The best example of this are the “Statements of Faith” and sworn oaths provided by some religious organizations, such as the Institution of Creation Research, the Creation Research Society, or Moody Bible Institute. A good example is the Answers in Genesis Statement of Faith, item (D)6.:
No apparent, perceived or claimed evidence in any field, including history and chronology, can be valid if it contradicts the Scriptural record.
This effort to turn the bible into a science textbook would be laughable if the consequences were not so grim for society. It has led to religious protest against everything from Benjamin Franklin's “lightning rods” to organ transplants. When honestly compared with a science textbook, the Bible is clearly deficient. As Sam Harris put it:
Why doesn't the Bible say anything about electricity, about DNA, or about the actual age and size of the universe? What about a cure for cancer? Millions of people are dying horribly from cancer at this very moment, many of them children. When we fully understand the biology of cancer, this understanding will surely be reducible to a few pages of text. Why aren't these pages, or anything remotely like them, found in the Bible? The Bible is a very big book. There was room for God to instruct us on how to keep slaves and sacrifice a wide variety of animals. Please appreciate how this looks to one who stands outside the Christian faith. It is genuinely amazing how ordinary a book can be and still be thought the product of omniscience.

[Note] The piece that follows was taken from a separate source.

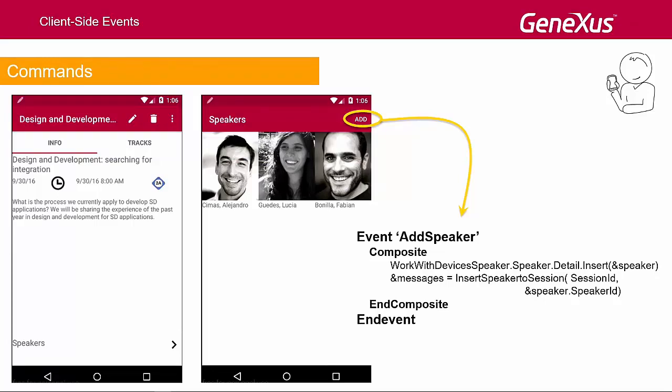Suppose that we want to allow adding new speakers to the list of speakers of a conference by inserting them into the database, and then associating them with this conference. Here we see the event associated with the add button. We've rounded its commands with the composite and composite block. Why? Because there is more than one command within the event.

A statement, or oath of faith is how Creationists lie to themselves based on a fallacy of foregone conclusion - starting with a sworn conclusion requires believers to reshape or reinterpret reality until it conforms to the said conclusion. Whether “Creation Science” is real or not no longer matters because a statement or oath of faith signifies that Truth has been hijacked by belief.

Based upon this foundation Creationists have become experts at “Quote Mining”, making misleading statements about scientific findings and omitting those findings that contradict established dogma, all while avoiding, as much as possible, out and out lies. By starting a process with a foregone conclusion there is no way anyone could truthfully call that process a valid form of scientific inquiry.


Anonymous said...

Quoting from Strong's Exhaustive Concordance:

False: sheh'-ker
From H8266; an untruth; by implication a sham (often adverbially):—without a cause, deceit (-ful), false (-hood, -ly), feignedly, liar, + lie, lying, vain (thing), wrongfully.

Witness: ayd
From H5749 contracted; concretely a witness; abstractly testimony; specifically a recorder, that is, prince:—witness.

Ray Comfort is not out of line.

Calladus said...

I'm glad to see that when Ray Comfort does lie, he has a nice Biblical reason for why it isn't a lie.